▸ Dataset excerpt:
• • • • • • •

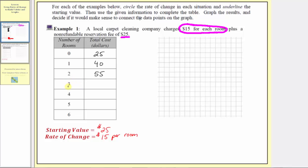The cost to clean three rooms is $15 more than the cost to clean two rooms: 55 plus 15 equals 70. The cost to clean four rooms is $15 more than three rooms: 70 plus 15 equals 85. The cost to clean five rooms is $15 more than four rooms: 85 plus 15 equals 100. The cost to clean six rooms is 100 plus 15, which equals 115.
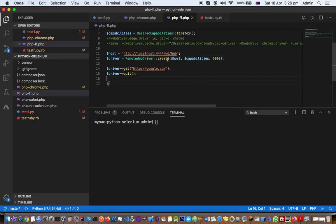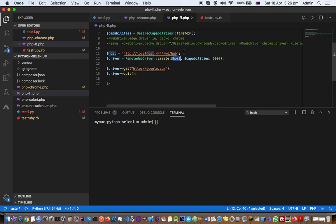Make sure when creating the remote web driver, you provide the correct Selenium server address in the host field. Otherwise, you'll get the error stating JSON decoding failed. Thanks for watching this video.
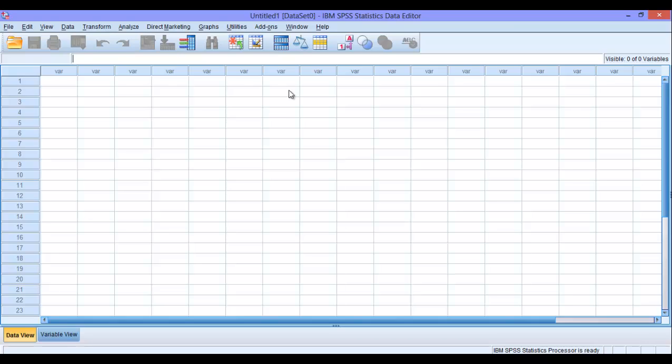And one more thing is that, this is the data view. So here, in the columns, we have the variables, one variable, two variable, and the rows. These are the number of cases.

• • • • • • •

▸ Problem statement: Every line above should be transcribed word for word; leave the pictures out.

▸ Response:
The cost to clean three rooms is $15 more than the cost to clean two rooms: 55 plus 15 equals 70. The cost to clean four rooms is $15 more than three rooms: 70 plus 15 equals 85. The cost to clean five rooms is $15 more than four rooms: 85 plus 15 equals 100. The cost to clean six rooms is 100 plus 15, which equals 115.
Make sure when creating the remote web driver, you provide the correct Selenium server address in the host field. Otherwise, you'll get the error stating JSON decoding failed. Thanks for watching this video.
And one more thing is that, this is the data view. So here, in the columns, we have the variables, one variable, two variable, and the rows. These are the number of cases.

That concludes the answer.